*What is being asked:* Copy exactly the lines of the material below that fall between the line with "(Nikel Kaplı) Küre" and the line with "相变化导热界面材料 热传导间隙填充材料 相变化材料", both of those lines included; pictures stay out.

*Material to process:*
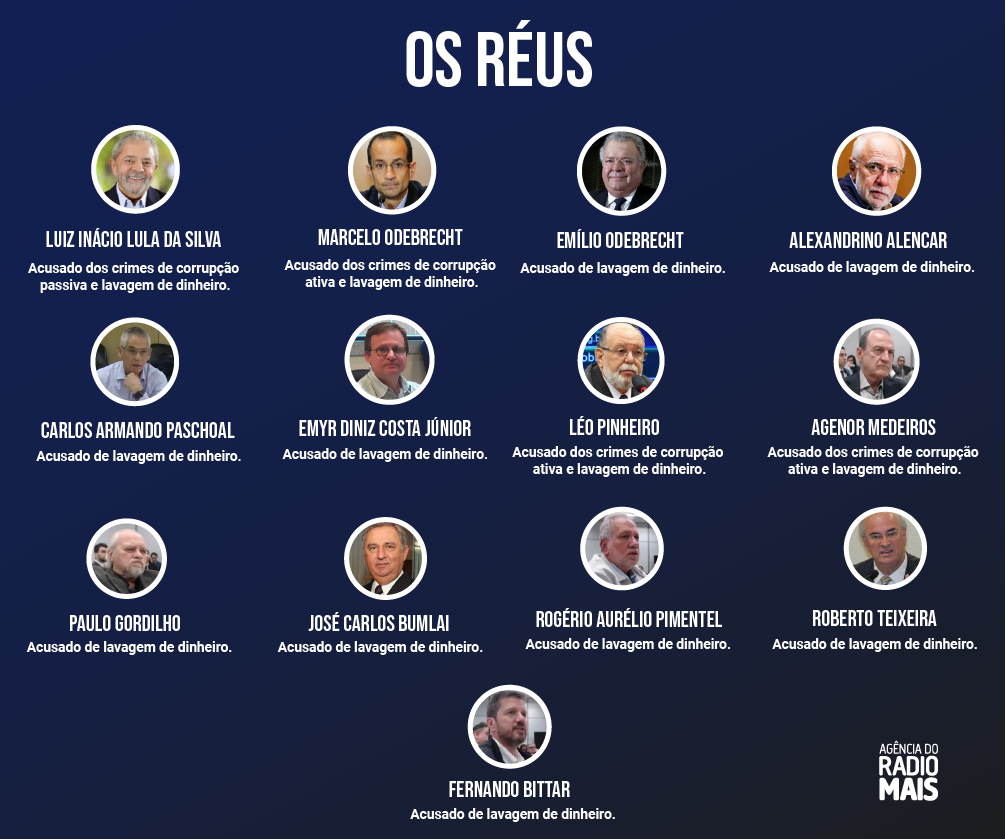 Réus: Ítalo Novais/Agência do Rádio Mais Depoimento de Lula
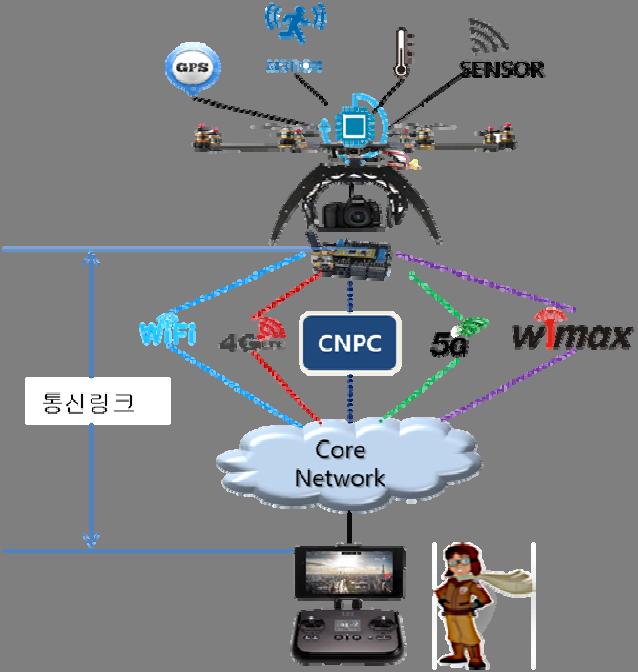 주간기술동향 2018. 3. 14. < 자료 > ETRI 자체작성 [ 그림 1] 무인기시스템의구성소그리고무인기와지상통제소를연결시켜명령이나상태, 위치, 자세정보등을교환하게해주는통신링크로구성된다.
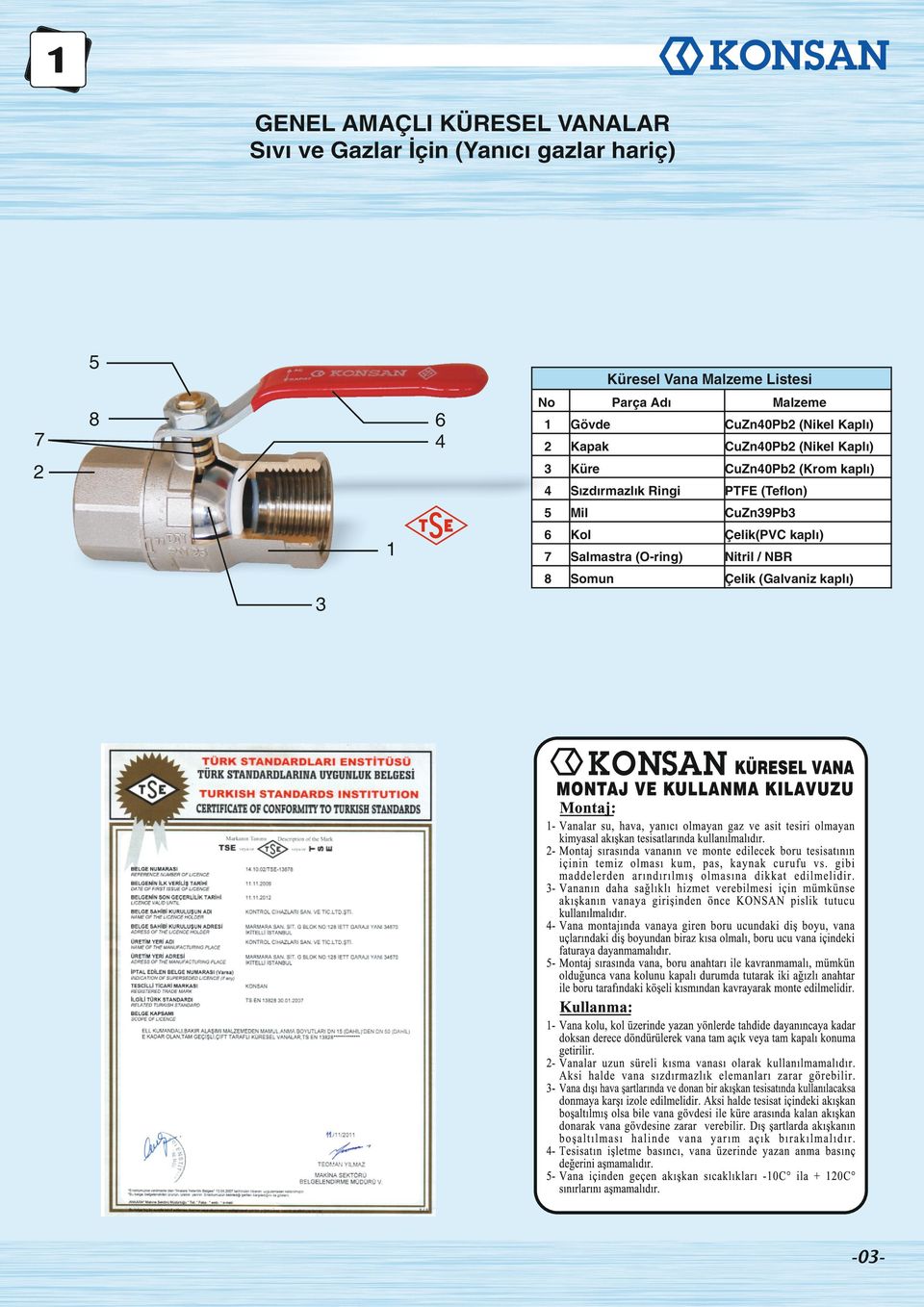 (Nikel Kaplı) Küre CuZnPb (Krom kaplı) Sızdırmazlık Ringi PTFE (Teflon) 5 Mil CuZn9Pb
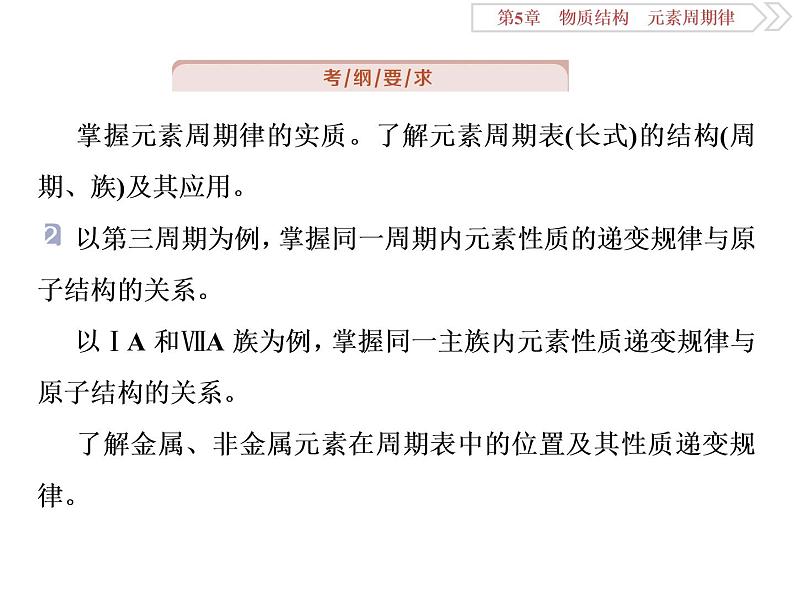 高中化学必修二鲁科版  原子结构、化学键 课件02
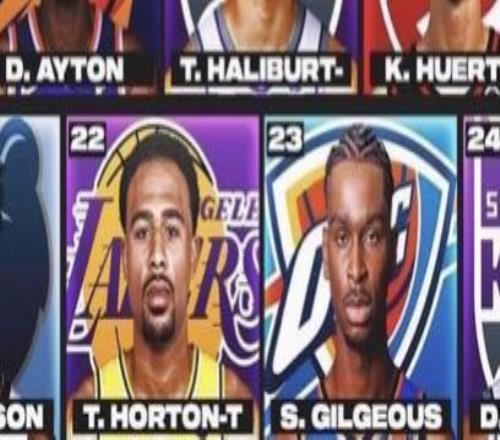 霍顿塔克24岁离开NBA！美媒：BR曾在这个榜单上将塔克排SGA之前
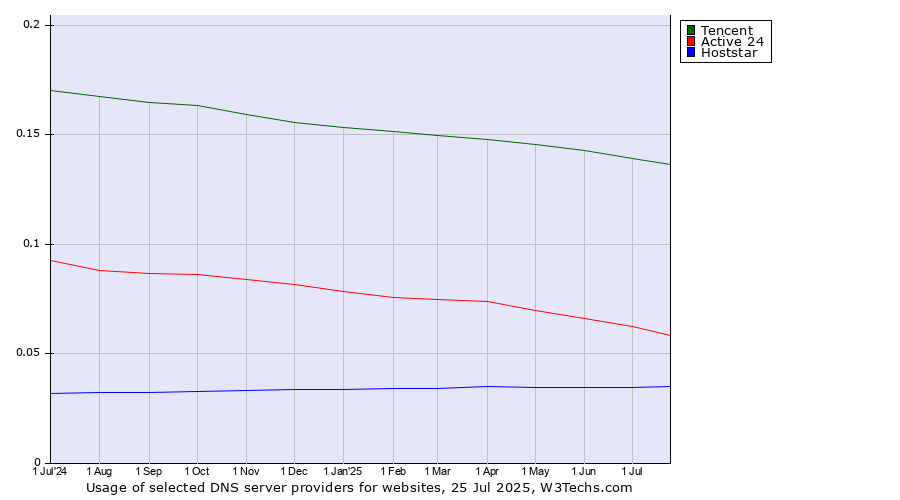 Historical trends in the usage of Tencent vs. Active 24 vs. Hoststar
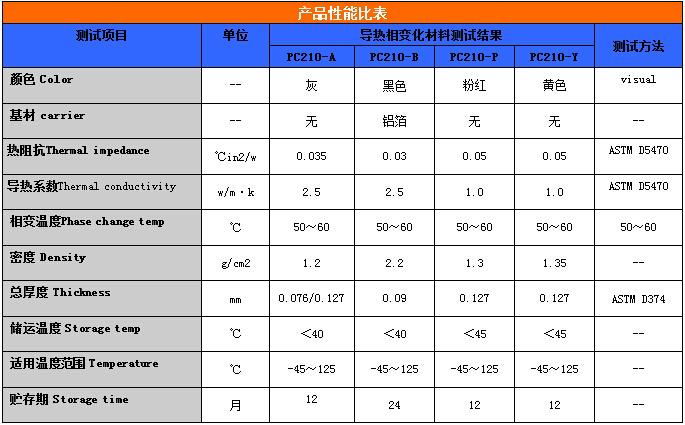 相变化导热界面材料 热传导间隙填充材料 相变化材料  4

--

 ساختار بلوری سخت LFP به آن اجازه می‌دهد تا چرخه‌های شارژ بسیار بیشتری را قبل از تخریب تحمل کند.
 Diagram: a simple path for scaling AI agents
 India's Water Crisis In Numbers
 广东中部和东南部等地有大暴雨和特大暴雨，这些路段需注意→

*Exercise result:*
 (Nikel Kaplı) Küre CuZnPb (Krom kaplı) Sızdırmazlık Ringi PTFE (Teflon) 5 Mil CuZn9Pb
 高中化学必修二鲁科版  原子结构、化学键 课件02
 霍顿塔克24岁离开NBA！美媒：BR曾在这个榜单上将塔克排SGA之前
 Historical trends in the usage of Tencent vs. Active 24 vs. Hoststar
 相变化导热界面材料 热传导间隙填充材料 相变化材料  4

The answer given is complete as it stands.